Heightened systemic uncertainty has shaken the foundations of financial markets. Particularly, the White House’s aggressive stance on tariffs has fueled concerns about the future of the economy and markets.
To gain a balanced perspective of market sentiments, we surveyed thirty key dealmakers at U.S.-based private equity firms.
83% of PE investors that we interviewed agree that tariff concerns have led to more delays in transactions. We have seen this firsthand through our commercial diligence work. The sweeping and volatile nature of the tariff provisions has added considerable complexity to negotiations and due diligence. Supply chain integrity is now a foremost concern for any company that purchases or sells commodities internationally. One concern of particular interest has been around pricing. A common red flag that we look for in customer diligence is a company’s strategy to win and retain customers with low pricing. Companies like this have significantly higher exposure to customer retention risk during macro shocks that drive up pricing, which the White House’s tariffs would deliver in droves.

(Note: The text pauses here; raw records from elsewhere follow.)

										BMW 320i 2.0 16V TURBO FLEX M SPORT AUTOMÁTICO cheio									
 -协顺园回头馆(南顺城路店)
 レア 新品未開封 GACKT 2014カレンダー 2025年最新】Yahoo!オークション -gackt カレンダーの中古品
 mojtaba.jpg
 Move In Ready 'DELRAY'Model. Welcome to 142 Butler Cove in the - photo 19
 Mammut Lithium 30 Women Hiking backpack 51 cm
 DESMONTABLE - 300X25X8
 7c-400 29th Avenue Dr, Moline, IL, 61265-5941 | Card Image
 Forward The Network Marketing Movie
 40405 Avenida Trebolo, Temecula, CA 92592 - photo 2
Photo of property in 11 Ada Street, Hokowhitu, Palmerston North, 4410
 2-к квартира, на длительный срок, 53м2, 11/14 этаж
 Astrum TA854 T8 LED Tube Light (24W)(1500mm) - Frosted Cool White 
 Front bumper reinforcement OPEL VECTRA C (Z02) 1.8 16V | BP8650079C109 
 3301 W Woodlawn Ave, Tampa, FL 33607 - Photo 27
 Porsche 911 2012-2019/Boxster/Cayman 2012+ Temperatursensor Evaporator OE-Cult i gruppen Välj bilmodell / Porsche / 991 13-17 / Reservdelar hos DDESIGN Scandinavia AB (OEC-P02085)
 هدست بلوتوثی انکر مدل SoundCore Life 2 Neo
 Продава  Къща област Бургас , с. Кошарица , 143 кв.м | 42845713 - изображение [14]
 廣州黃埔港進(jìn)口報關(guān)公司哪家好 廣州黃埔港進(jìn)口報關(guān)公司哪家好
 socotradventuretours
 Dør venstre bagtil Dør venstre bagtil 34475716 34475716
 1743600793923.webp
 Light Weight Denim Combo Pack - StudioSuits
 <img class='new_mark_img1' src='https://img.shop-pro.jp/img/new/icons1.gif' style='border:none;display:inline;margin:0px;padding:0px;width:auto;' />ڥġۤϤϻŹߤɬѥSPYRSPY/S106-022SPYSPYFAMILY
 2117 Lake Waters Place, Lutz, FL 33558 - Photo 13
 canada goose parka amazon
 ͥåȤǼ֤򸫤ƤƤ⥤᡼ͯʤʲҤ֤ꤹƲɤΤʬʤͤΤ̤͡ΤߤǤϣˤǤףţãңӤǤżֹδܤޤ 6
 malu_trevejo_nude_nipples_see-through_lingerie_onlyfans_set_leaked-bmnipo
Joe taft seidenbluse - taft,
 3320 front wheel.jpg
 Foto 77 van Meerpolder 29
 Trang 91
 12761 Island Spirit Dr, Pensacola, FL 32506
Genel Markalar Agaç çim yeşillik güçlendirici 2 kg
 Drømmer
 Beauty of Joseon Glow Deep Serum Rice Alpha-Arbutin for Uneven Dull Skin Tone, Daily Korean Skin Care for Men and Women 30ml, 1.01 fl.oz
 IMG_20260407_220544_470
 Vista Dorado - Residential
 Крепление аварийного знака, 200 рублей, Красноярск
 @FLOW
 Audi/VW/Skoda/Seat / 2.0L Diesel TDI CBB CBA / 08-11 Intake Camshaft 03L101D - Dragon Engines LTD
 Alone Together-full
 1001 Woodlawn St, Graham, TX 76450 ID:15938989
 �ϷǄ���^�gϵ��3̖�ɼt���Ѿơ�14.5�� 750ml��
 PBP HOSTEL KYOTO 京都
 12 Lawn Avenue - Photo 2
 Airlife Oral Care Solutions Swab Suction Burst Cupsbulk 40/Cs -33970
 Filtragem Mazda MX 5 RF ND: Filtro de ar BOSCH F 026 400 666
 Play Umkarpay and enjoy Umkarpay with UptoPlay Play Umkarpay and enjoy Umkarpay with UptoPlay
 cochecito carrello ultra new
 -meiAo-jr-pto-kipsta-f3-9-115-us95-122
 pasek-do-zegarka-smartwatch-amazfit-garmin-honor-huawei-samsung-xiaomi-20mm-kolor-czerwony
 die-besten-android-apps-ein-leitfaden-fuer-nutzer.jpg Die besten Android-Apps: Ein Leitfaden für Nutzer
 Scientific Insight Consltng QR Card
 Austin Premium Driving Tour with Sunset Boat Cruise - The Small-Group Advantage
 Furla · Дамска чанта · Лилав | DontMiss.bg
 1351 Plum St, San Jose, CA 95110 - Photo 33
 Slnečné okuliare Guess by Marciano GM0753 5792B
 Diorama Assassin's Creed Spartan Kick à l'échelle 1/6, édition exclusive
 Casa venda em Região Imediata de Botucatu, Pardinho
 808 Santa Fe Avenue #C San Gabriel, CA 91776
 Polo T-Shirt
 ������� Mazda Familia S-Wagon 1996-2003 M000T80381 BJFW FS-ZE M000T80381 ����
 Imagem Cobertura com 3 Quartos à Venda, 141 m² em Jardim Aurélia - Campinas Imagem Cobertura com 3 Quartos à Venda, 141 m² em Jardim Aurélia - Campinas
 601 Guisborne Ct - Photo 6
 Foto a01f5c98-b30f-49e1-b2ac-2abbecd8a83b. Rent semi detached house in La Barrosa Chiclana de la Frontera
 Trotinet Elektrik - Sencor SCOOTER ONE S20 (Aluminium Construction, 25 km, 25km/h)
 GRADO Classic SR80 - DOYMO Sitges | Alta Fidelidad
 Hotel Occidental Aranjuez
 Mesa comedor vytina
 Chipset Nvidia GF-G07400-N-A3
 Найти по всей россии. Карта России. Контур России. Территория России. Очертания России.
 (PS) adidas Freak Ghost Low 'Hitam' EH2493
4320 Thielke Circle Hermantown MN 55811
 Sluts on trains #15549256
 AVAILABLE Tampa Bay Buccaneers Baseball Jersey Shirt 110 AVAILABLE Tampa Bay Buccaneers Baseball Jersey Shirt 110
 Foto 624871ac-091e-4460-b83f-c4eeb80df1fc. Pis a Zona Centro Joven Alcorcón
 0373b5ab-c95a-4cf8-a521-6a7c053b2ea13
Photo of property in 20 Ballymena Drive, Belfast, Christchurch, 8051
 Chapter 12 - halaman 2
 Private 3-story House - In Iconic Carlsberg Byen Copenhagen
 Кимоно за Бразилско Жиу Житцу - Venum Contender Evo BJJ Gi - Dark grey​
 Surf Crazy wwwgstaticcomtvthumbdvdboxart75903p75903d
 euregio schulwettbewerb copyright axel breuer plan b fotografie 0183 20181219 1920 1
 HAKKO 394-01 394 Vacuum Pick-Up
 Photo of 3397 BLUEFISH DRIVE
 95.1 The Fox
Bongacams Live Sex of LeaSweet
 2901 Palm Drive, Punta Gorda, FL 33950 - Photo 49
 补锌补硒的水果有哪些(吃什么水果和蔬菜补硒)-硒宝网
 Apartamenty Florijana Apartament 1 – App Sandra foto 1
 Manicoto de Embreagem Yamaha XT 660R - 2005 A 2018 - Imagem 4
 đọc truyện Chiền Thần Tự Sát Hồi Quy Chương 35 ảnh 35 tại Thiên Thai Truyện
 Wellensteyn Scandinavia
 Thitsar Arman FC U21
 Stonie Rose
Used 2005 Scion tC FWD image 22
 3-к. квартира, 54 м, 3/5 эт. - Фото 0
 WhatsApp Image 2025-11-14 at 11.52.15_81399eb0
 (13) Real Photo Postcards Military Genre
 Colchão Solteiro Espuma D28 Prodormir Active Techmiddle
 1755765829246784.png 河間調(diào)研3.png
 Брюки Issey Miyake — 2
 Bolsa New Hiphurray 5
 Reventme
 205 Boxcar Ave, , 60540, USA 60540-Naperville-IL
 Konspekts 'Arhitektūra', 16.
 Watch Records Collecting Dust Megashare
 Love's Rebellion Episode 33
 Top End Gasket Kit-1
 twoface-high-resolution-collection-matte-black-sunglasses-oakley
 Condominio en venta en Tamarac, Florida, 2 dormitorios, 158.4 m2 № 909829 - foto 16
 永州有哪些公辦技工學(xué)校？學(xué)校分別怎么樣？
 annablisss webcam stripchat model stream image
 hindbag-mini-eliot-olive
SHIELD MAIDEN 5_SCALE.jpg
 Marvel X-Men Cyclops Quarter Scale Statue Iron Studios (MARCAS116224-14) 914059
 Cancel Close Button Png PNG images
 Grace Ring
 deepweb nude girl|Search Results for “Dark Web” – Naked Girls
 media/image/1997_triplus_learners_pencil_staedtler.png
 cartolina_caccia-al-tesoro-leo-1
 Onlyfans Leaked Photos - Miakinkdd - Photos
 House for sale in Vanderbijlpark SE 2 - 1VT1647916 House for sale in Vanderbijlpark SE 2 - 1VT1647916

At the heart of increased transaction delays and challenges is the heightened misalignment on valuations between buyers and sellers. 73% of PE investors share that tariff concerns have led to more misalignment. Intuitively, buyers want as much protection from tariffs as possible, while sellers are loath to give ground on their proceeds due to the ever-changing nature of the White House’s tariff plans. The inherent difficulty of quantifying the potential impact of tariffs will undoubtedly create additional challenges around negotiating representations and warranties, and the corresponding indemnification provisions. While the terms of the upcoming tariffs are uncertain, their financial impact on valuations is unquestionably not. As the trade war intensifies and eases, we expect increased volatility and conflict in PE negotiations.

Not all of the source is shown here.